Senior Management of firms ("LCs") licensed by the Securities and Futures Commission ("SFC") should take heed of the twin circulars recently issued by the regulator, which broadly address the security and integrity of a firm's information management system. These SFC circulars follow a recent circular from the Hong Kong Monetary Authority ("HKMA") to licensed banks in Hong Kong on the same topic.
The SFC issued circulars to LCs on 26 and 27 November 2014 which concern "Internet Trading Information Security Management and System Adequacy" and "Mitigating Cybersecurity Risks" respectively (the "26th November Circular" and "27th November Circular" or collectively, the "Circulars"). Copy of the two Circulars can be accessed here (and the appendix) and here.
The 26th November Circular
This Circular mainly focuses on internet trading systems and is a follow up on a circular issued by the SFC on 27 January 2014. The SFC recently reviewed the internet trading systems of selected LCs: the most important of the identified deficiencies are summarized below:
- No formal information technology ("IT") management policies and procedures for certain specific matters.

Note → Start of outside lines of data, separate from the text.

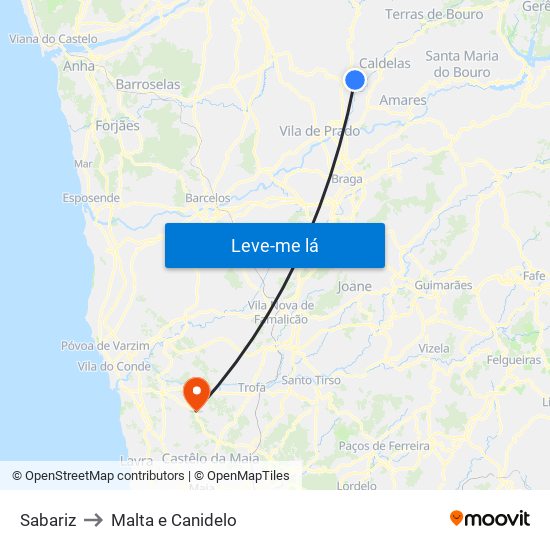 Sabariz to Malta e Canidelo map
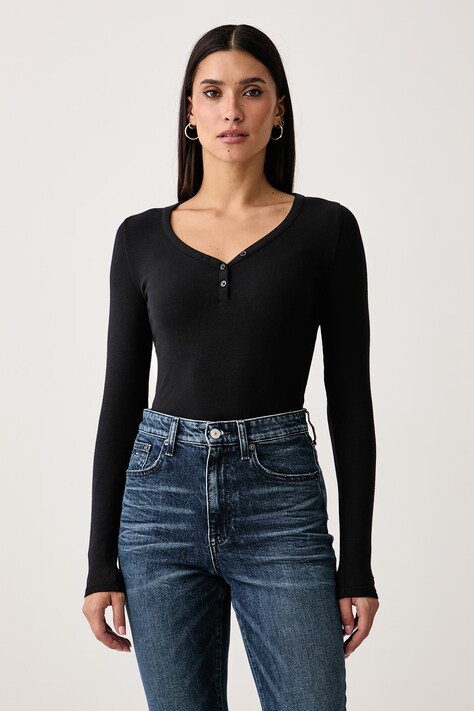 Tommy Jeans Longsleeve damski z wiskozą czarny DW0DW23259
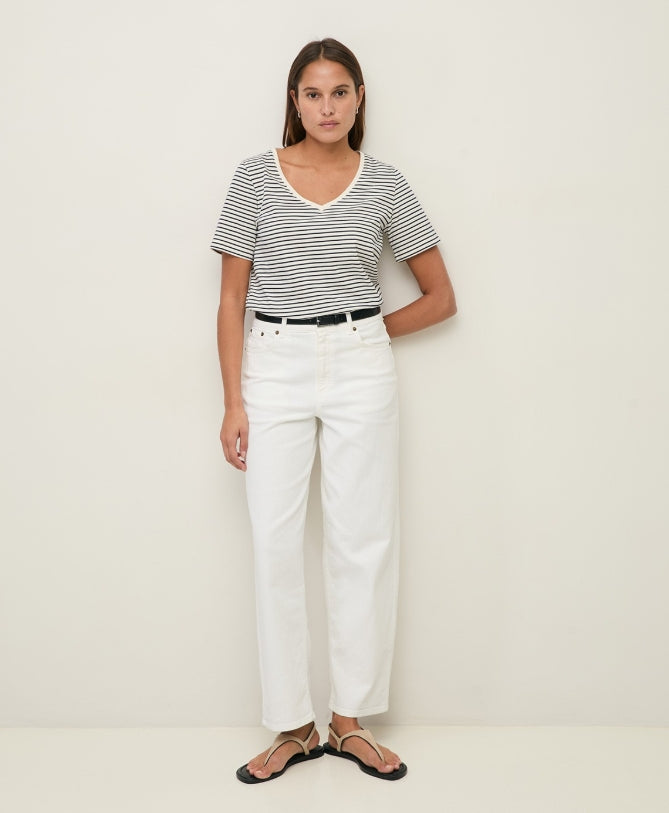 Yerse Barcelona organic cotton striped V-neck Tee - Ecru & Navy Stripe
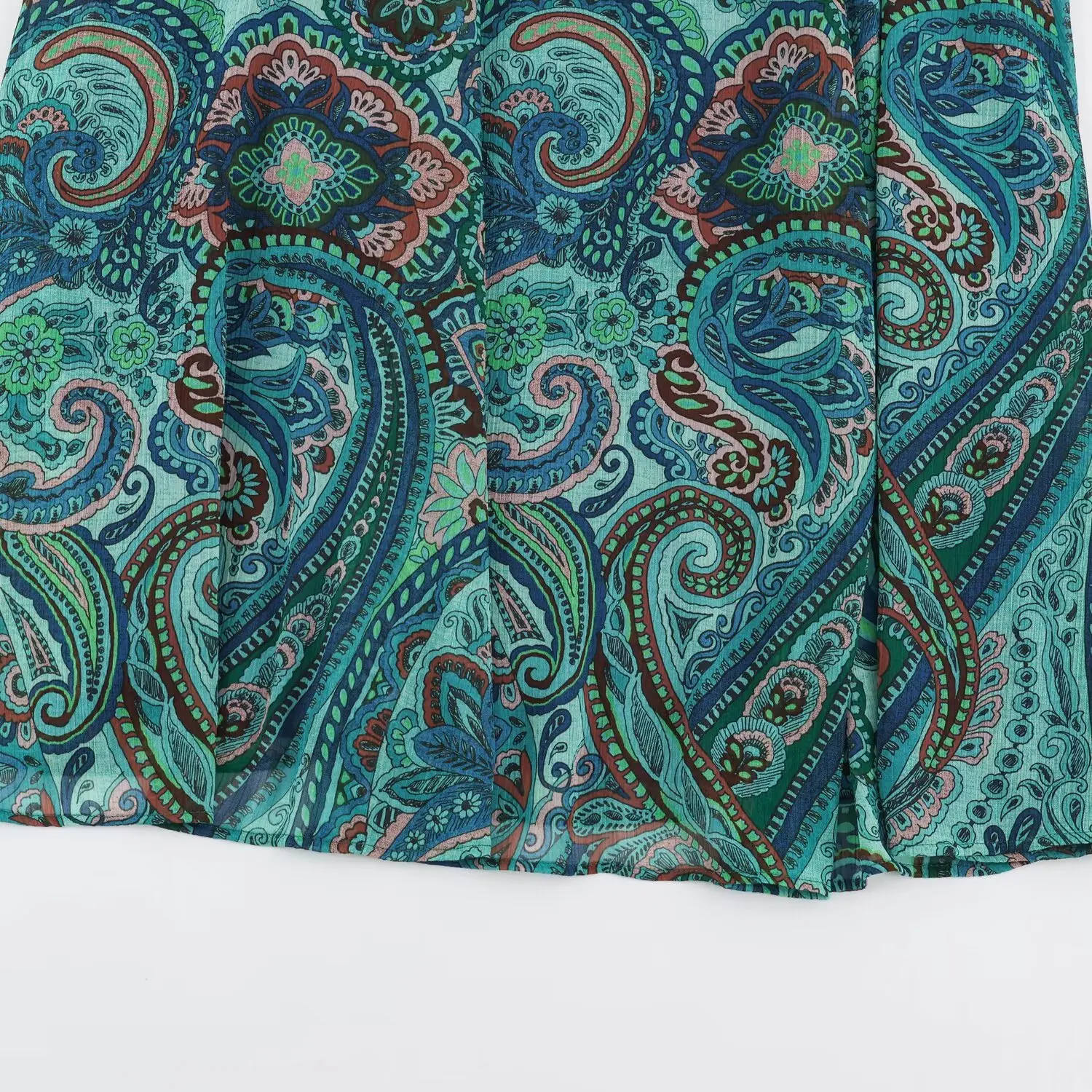 BSAY Boho Paisley Print Midi Skirt Women Elastic High Waist A‑Line Long Skirt With Belt Vintage Bohemian Holiday Casual Skirts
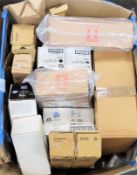 A box of assorted as new printer cartridges and related items (All items sold as seen).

- Lack of comprehensive and regular security penetration tests
- Lack of comprehensive and regular IT risk assessment
- Infrequent and inadequate IT security awareness training
- Insufficient service levels prescribed in the service level agreements
- Insufficient authentication and password controls implemented on the internet trading systems to prevent unauthorized access
- Infrequent and inadequate testing on the contingency plan for ensuring its viability and adequacy
Based on the deficiencies identified, a list of 35 suggested controls and procedures was included in the Appendix to the 26th November Circular which LCs should carefully consider. The suggested controls and procedures are grouped under the following categories and sub-categories:
- Management Supervision and Information Technology Governance
- Management oversight
- System security and customer awareness
- Vendor management
- Operational Controls
- User access controls
- Password controls
- System implementation, upgrade and modification
- Network infrastructure architecture design
- Monitoring and Contingency
- Backup and contingency
The SFC expects that senior management of firms to take into consideration the suggested controls and procedures when establishing and providing secure internet trading services. Senior management should also regularly review the LCs' internet trading systems, network infrastructure, related policies, procedures and practices. Reference should be made to the new provisions, namely paragraph 18 and Schedule 7, in the Code of Conduct for Persons Licensed by or Registered with the SFC ("the Code") which came into effect on 1 January 2014 when considering whether any enhancements should be made. Paragraph 18 of the Code is of particular relevance as it deals specifically with "Electronic Trading".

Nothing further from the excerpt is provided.